Wednesday, March 05, 2008

If the tearful skies and lugubrious winds of January are weighing upon you like lead, perhaps you would be well advised to counteract the gloom by exploring some of the country's incomparable treasures such as Bru na Bóinne or the Boyne Valley in royal county Meath. Access to the Boyne valley will be greatly improved soon as Rialtas na hÉireann proceeds unashamedly to bury 5000 years of civilisation under stone and concrete, enabling you to drive through the valley of Cnoc na Teamhrach, the Hill of Tara, at your leisure in your C02-loving SUV! Go n'éirí an bóthar leat! But you won't find a more lugubrious site in Ireland than the Boyne Valley in its present state.In spite of a campaign that has become global to reverse the decision to build the M3 motorway through one of the world's wonders, the Government's pertenacious desire to build this road can only be described as downright perverse. Despite the Government's best efforts, demonstrations against the routing of the M3 motorway are continuing. In a recent press release, the Tarawatch campaign revealed that the office of the Taoiseach tried to prevent the demonstrations of the Tarawatch campaign by officially denying them permission. Nevertheless, the demonstration went ahead. In order to symbolise the destruction of our national heritage, the campaigners made a model of the M3 motorway out of cloth and draped it over the Garden of Rememberance in Dublin. Cait O Riardan from the Pogues and Mary Lou Macdonald from Sinn Féin attended the demonstration as guest speakers.In spite of it being named one of the top ten archeological finds of 2007 by Archeology magazine published by the Archeology Institute of America, the Government has obtusely refused to halt the destruction of the Lios an Mhuillean site in the Tara Skryne Valley. The dishonest and disengenuous stance of the Government is attested by the fact that they moved the destruction date for Lissmullen back to December 18 in a surrepticious attempt to avoid conflict with the Tarawatch campaigners. Instead the NRA handed over the site to the construction company SIAC on December 18. Minister for the Environment and Heritage John Gormely will come in for tough questioning from the Tarawatch campaign about this controversial decision to move the handover date back to before Christmas. Speaking at the recent demonstration in the Garden of Rememberane, Mary Lou Macdonald was vociferous in her condemnation of Gormely's position on the Tara valley project.
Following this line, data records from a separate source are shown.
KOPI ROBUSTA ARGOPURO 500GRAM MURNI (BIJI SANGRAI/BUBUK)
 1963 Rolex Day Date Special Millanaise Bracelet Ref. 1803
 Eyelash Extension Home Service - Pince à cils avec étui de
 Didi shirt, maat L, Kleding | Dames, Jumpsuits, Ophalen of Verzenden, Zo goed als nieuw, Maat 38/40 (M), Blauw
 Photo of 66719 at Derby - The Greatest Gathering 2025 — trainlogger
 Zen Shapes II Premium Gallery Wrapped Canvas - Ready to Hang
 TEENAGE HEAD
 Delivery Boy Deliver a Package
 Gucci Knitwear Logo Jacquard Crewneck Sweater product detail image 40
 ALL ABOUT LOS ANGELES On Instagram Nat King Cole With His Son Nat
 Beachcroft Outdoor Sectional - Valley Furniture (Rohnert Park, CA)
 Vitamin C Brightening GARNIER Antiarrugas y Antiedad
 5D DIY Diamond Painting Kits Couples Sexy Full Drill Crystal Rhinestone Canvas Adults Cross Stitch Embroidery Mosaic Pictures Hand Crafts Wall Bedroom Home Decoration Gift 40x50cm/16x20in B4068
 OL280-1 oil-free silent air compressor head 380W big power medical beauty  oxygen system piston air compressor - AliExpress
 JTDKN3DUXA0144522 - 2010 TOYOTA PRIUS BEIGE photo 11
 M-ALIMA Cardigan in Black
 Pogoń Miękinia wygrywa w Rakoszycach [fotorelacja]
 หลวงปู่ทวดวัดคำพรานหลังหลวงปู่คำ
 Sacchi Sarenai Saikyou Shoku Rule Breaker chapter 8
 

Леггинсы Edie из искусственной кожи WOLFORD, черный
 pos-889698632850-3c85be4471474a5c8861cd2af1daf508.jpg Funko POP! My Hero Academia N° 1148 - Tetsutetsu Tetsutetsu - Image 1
"The Minister has flouted EU law since he came into office, by refusing to conduct a dew Environmental Impact Assessment on Tara.
"The Green Party Minister for the Environment has completely adopted the Fianna Fail position and rejected demands by Environment Commissioner, Stavros Dimas, to re-assess the damage being done to heritage there." she said.
While Vincent Salafia of TaraWatch said:
"Not only is Minister Gormley lying about having the power to order a new assessment, but he appears to have given false information to the public about the date of the transfer of Lismullin, in order to facilitate demolition over the holidays.
"The lawsuit being taken by the European Commission could cost the taxpayer tens of millions of euros in fines, and it is the Minister’s duty to avoid these penalties."
Perhaps 2008 will be a year of introspection for the Government and the average Irish citizen. With the Achilles heal of the Irish economy, namely the construction sector in obvious decline, together with a looming recession in the USA, it is time to take stock of the importance of culture and heritage before it is too late. If nothing else, the Tara Skryne Valley serves to show us that although the life of man is short, nasty and brutish, his wretched sojourn upon the earth is redeemed by the works of art he leaves behind, filling us with wonder and enjoining us to think in the words of Shakespeare's Hamlet that there are more things in heaven and earth than are dreamt of in our philosophies. Much damage has already been done but if the national monuments that challenge the complacency of the present with the imprint of the past are erased, what will we have to reflect upon, where will we look for answers to the big questions, the questions of our origins, of who we were, who we are and who we might be in the future?